Entity Resolution Examples

Three real-world scenarios that show how the Entity Resolution check is typically used in production: deduplicating a customer master by name and address, consolidating businesses by name with phonetic and substring matching, and matching contacts within a tenant boundary using a blocking field.

Each scenario shows the Source Records that would appear in the resulting Shape Anomaly. Source Records surface one example row per distinct value of the distinction field within each non-compliant cluster, alongside the cluster identifier _qualytics_entity_id so the cluster boundaries are visible.

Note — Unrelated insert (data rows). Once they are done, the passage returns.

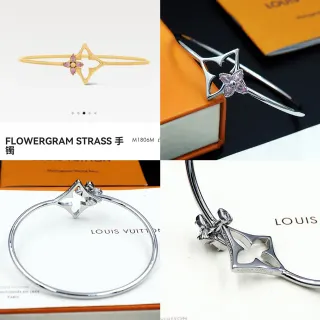 Louis Vuitton Flowergram Strass dorado rosa cuatrohojas cortado motivo de flor pulsera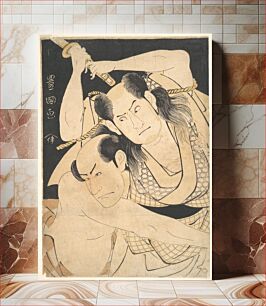 Πίνακας, The Actors Sawamura Sōjūrō III holding Sword Aloft, and Arashi Shichigorō III as Fighting Heroes by Utagawa Toyokuni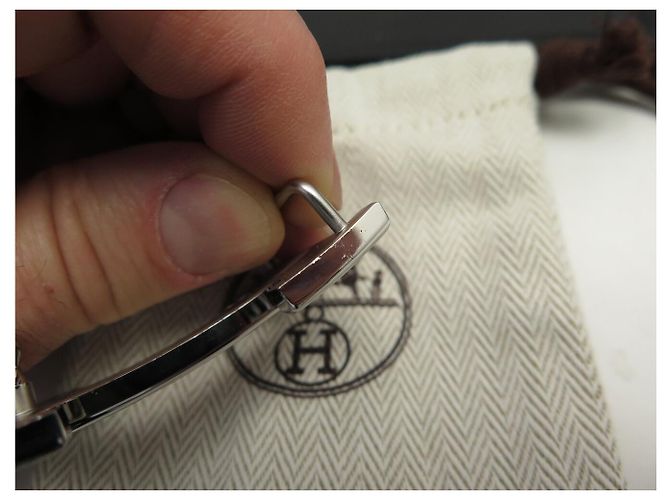 Hermès NEUER HERMES H GÜRTEL MIT HAMMERED-SCHNALLE AUS PALLADIUMSTAHL Silber - Ansicht 4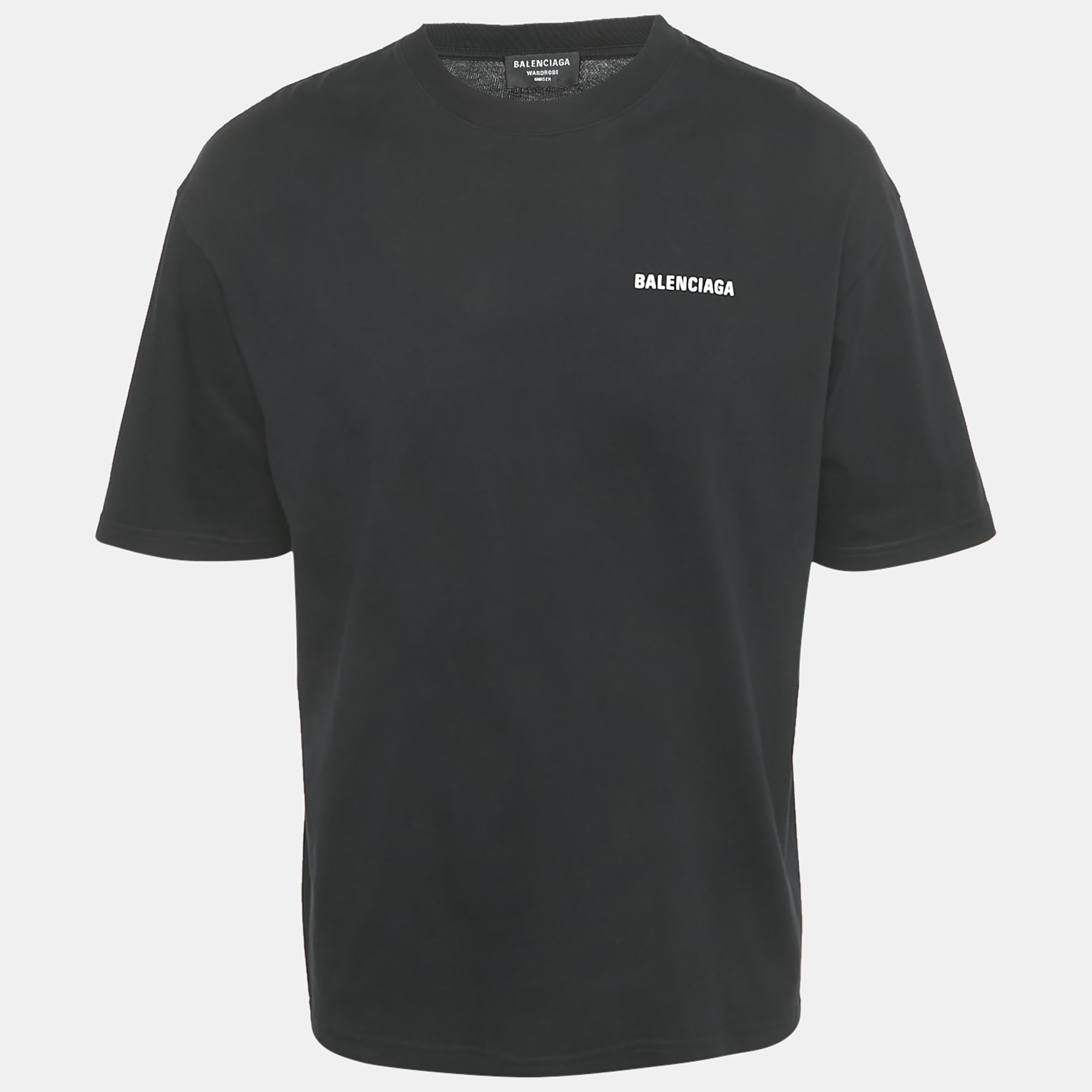 

Balenciaga Black Logo Print Cotton Crew Neck Oversized Unisex T-Shirt XS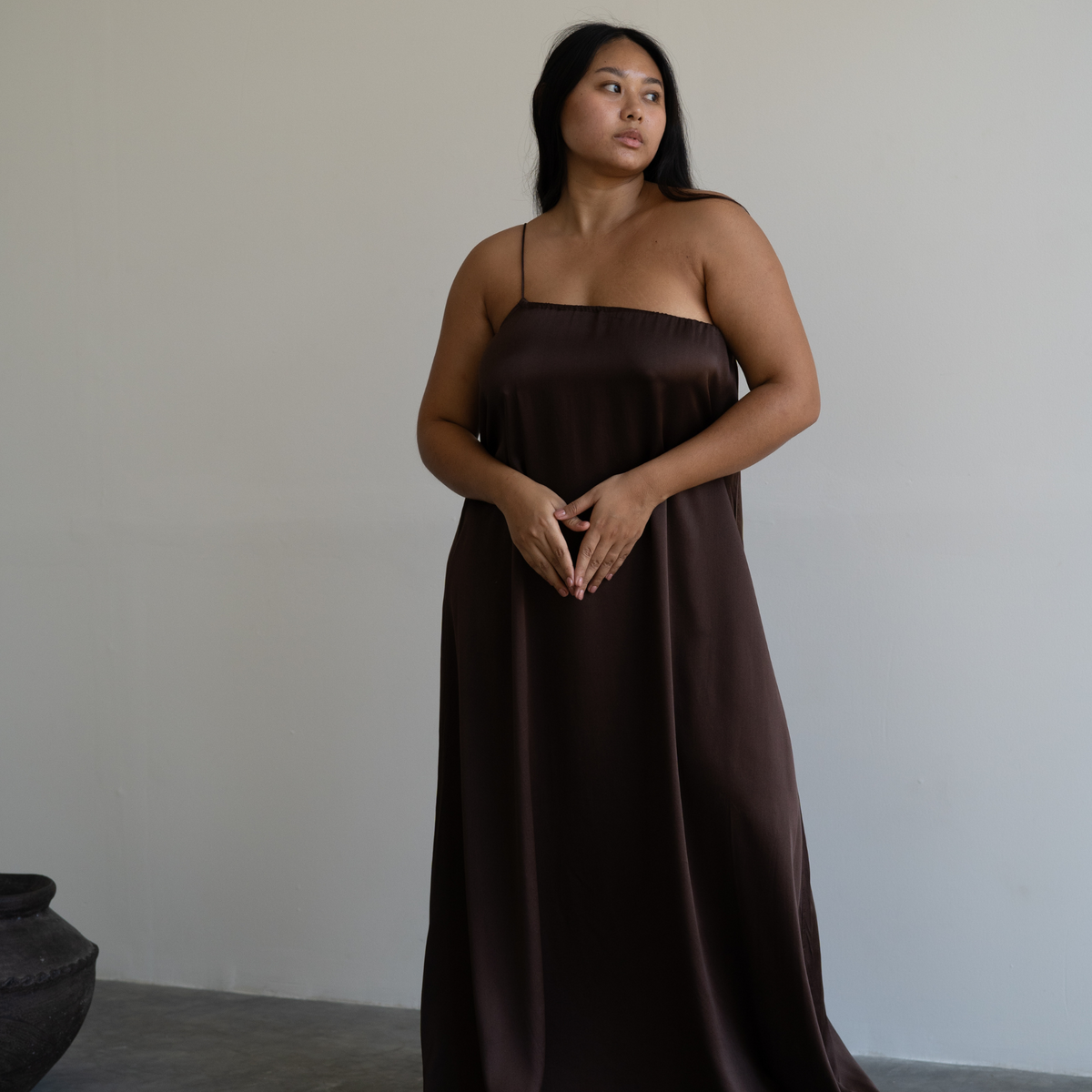 ZULU - Burgundy Mulberry Silk Gown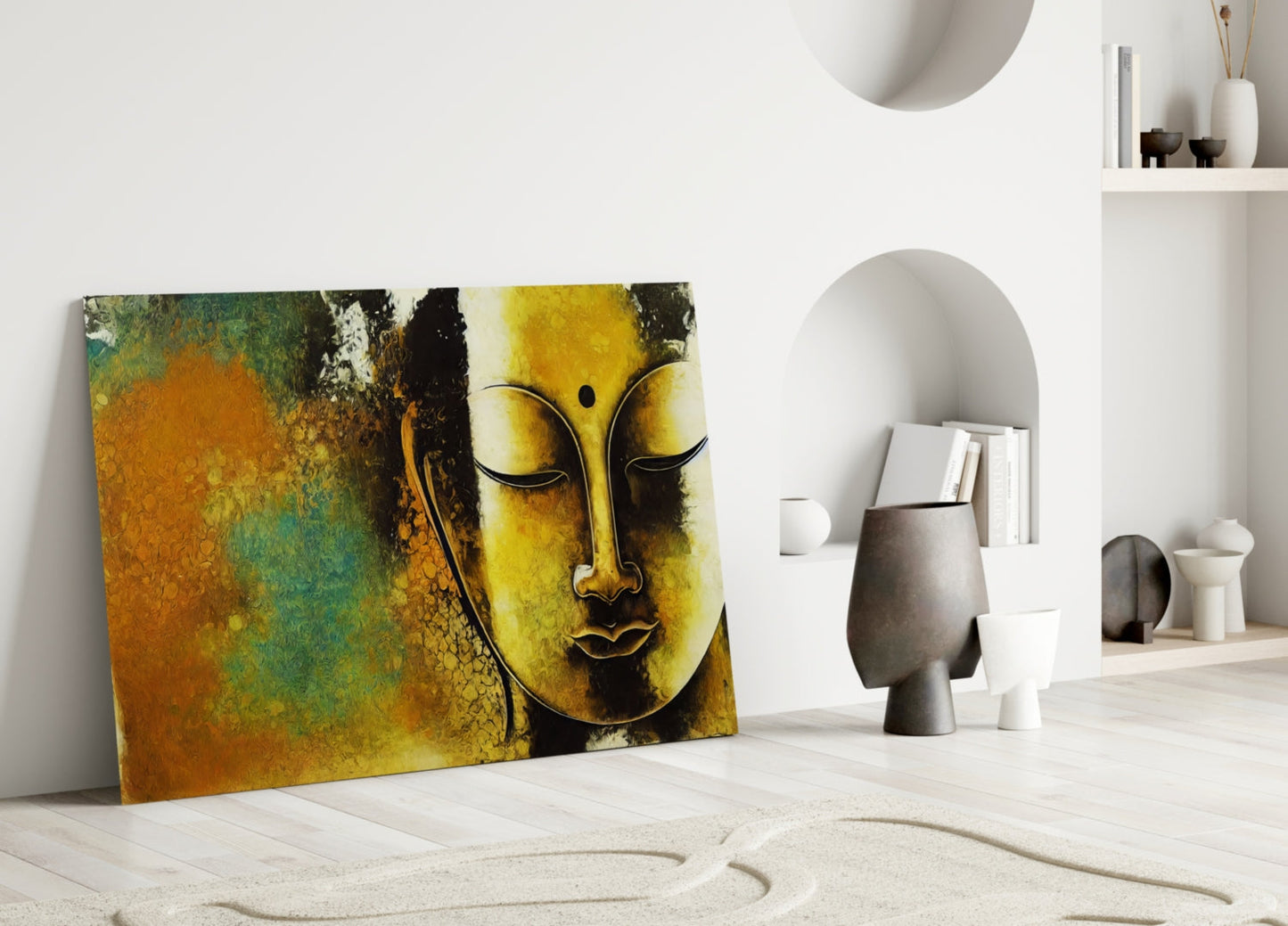 Golden Yellow Serene Buddha Face Glass Wall Art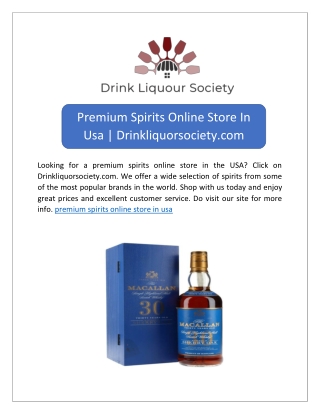 Premium Spirits Online Store In Usa | Drinkliquorsociety.com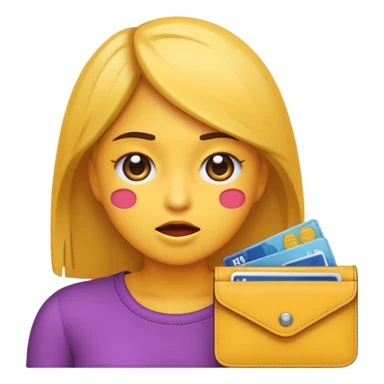 Emoji de chica muy desesperada, llorando, con ojos grandes y lágrimas, sosteniendo una billetera vacía al revés, estilo emoji minimalista, dramatismo exagerado, fondo transparente. sticker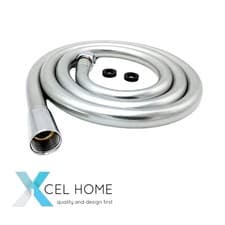 Image of 1.5M Silver PVC Shower Hose with Chrome Finish – Durable Flexible, WRAS Approved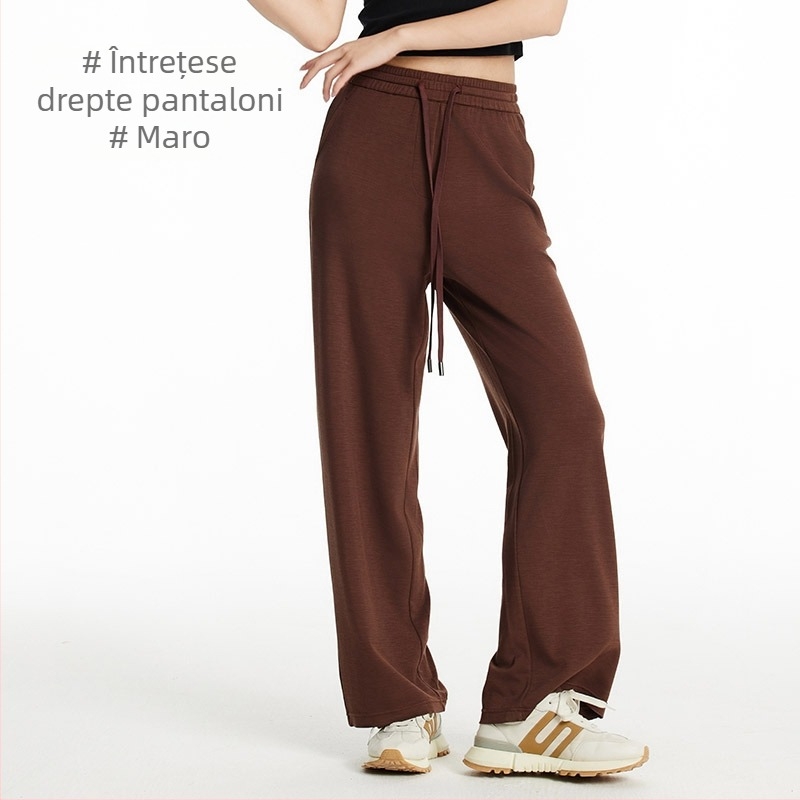 Pantaloni femei drepti - fibre de celuloză regenerată, croială dreaptă, vară 2024, stil casual japonez-coreean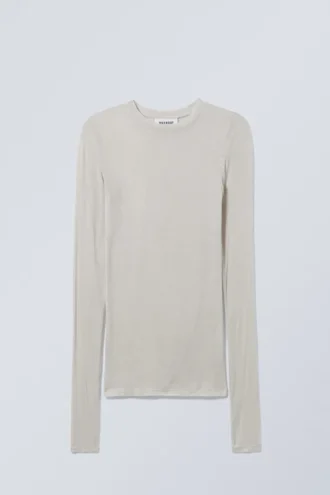 Soft Sheer Long Sleeve Top – Light Mole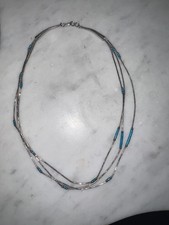Vintage 1960s liquid sterling silver turquoise fine necklace natives American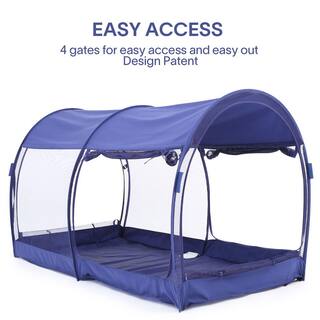 Alvantor Indoor Pop Up Portable Frame Mosquito Net Bed Canopy Tent Twin Curtains Breathable Navy Cottage (Mattress Not Included) 2005MB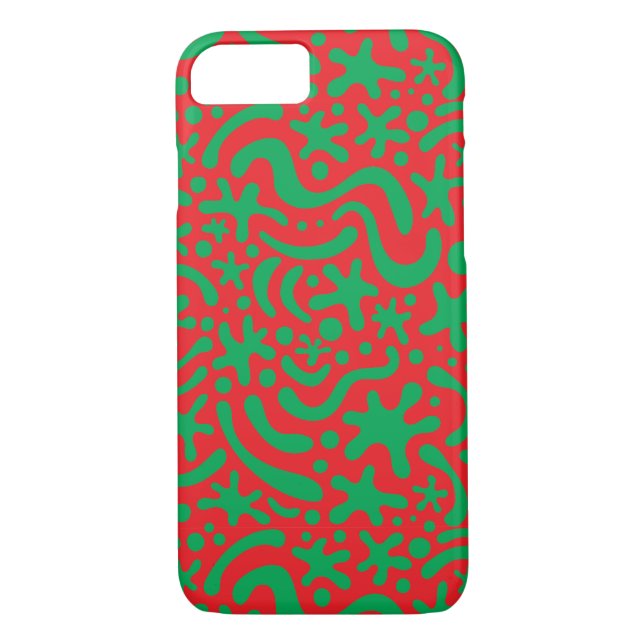 Coques Case-Mate iPhone Goutte et gribouillis fous de Noël (Dos)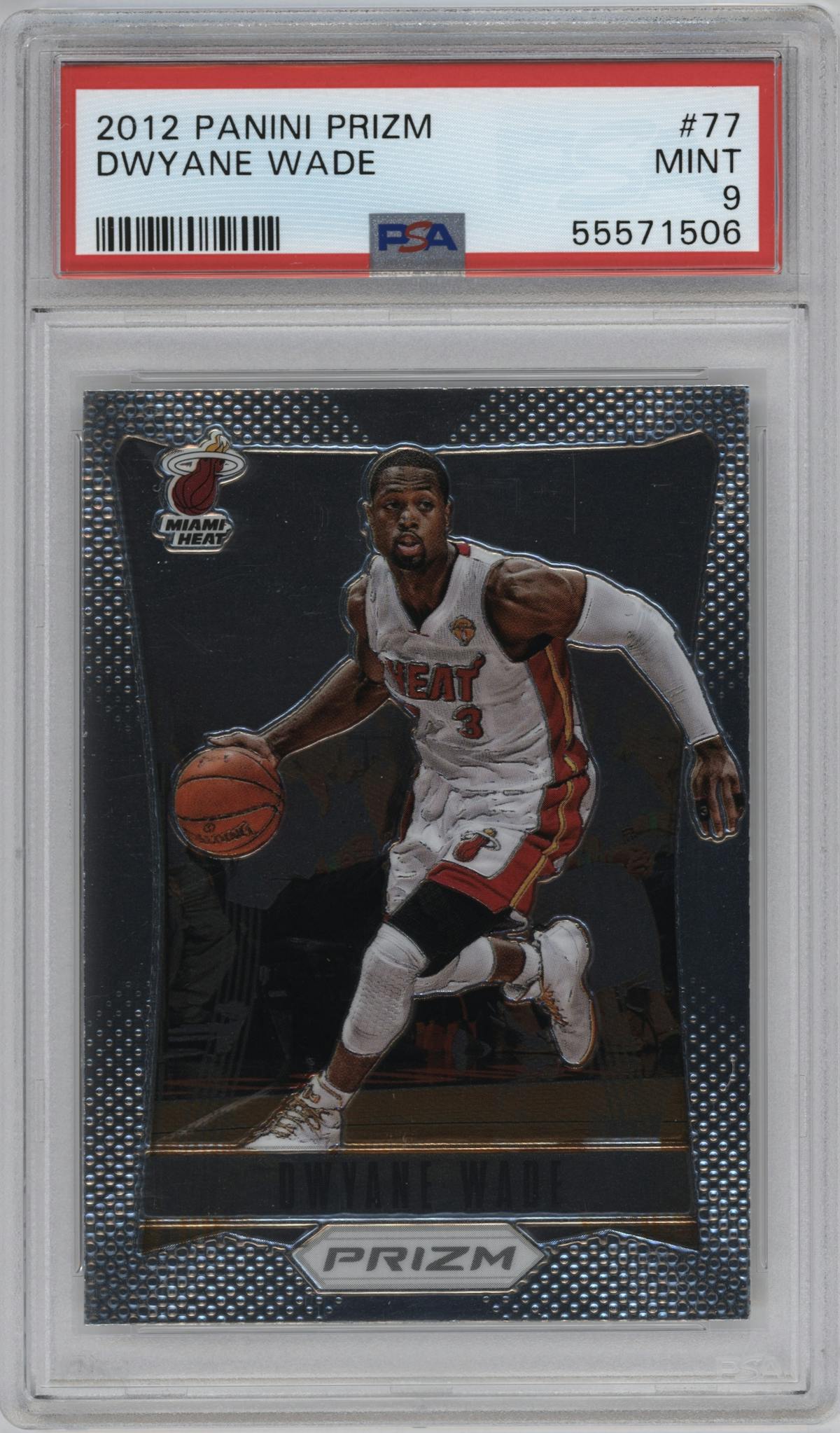 Dwyane Wade from the 2012-13 Panini Prizm set graded by PSA and given an overall grade of 9.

Customer Master DeduplicationBusiness Name Consolidation with HomophonesTenant-Scoped Resolution with a Blocking Field

The situation: Your customers table is the master record for downstream billing. Each row has a customer_id that should be the single identifier per customer, but historic ingestions from multiple sources have produced near-duplicate records with slightly different spellings of the same person's full_name and address. You want Entity Resolution to surface customers where two different customer_id values plausibly describe the same person.

Check configuration

Field	Value
Rule	Entity Resolution
Distinction Field	`customer_id`
Target Fields	`full_name` (String, `fuzzy`, `pair_substrings: true`, `weight: 1.0`), `address` (String, `fuzzy`, `weight: 0.8`)
Composite Match Threshold	`0.75`
Filter	(none)
Custom Anomaly Description	Off
Status	Active
Owner	(check creator)
Anomaly Assignee	(customer-data steward)
Tags	`pii`, `master-data`
Additional Metadata	`jira: DATA-4101`
Description	Customers with similar names and addresses must share a customer_id

Payload

{
    "description": "Customers with similar names and addresses must share a customer_id",
    "rule": "entityResolution",
    "fields": [],
    "container_id": 145,
    "filter": null,
    "properties": {
        "distinct_field_name": "customer_id",
        "composite_match_threshold": 0.75,
        "target_fields": [
            {
                "upickle_type": "StringTargetField",
                "field_name": "full_name",
                "match_type": "fuzzy",
                "pair_substrings": true,
                "pair_homophones": false,
                "consider_term_frequency": false,
                "weight": 1.0
            },
            {
                "upickle_type": "StringTargetField",
                "field_name": "address",
                "match_type": "fuzzy",
                "pair_substrings": false,
                "pair_homophones": false,
                "consider_term_frequency": false,
                "weight": 0.8
            }
        ]
    },
    "tags": ["pii", "master-data"],
    "additional_metadata": {"jira": "DATA-4101"},
    "anomaly_message_field": null,
    "template_id": null,
    "status": "Active",
    "owner_id": 7,
    "default_anomaly_assignee_id": 12
}

Source Records

_qualytics_entity_id	customer_id	full_name	address
ent-a01f	1001	Alice Cohen	142 Maple St
ent-a01f	1057	Alice C.	142 Maple Street
ent-b73c	1102	Catherine Wu	87 Elm Avenue
ent-b73c	1184	Catherine Wu	87 Elm Ave.

What gets flagged

Two non-compliant clusters appear in the source records:

ent-a01f resolved two records the platform considers the same customer ("Alice Cohen, 142 Maple St" ↔ "Alice C., 142 Maple Street"). The fuzzy match on full_name reaches the threshold because pair_substrings promotes "Alice C." against "Alice Cohen", and the address pair is near-identical. The cluster holds two different customer_id values (1001 and 1057), so it is non-compliant.
ent-b73c resolved two records with identical names and only a punctuation difference in address. The cluster holds two different customer_id values (1102 and 1184), so it is also non-compliant.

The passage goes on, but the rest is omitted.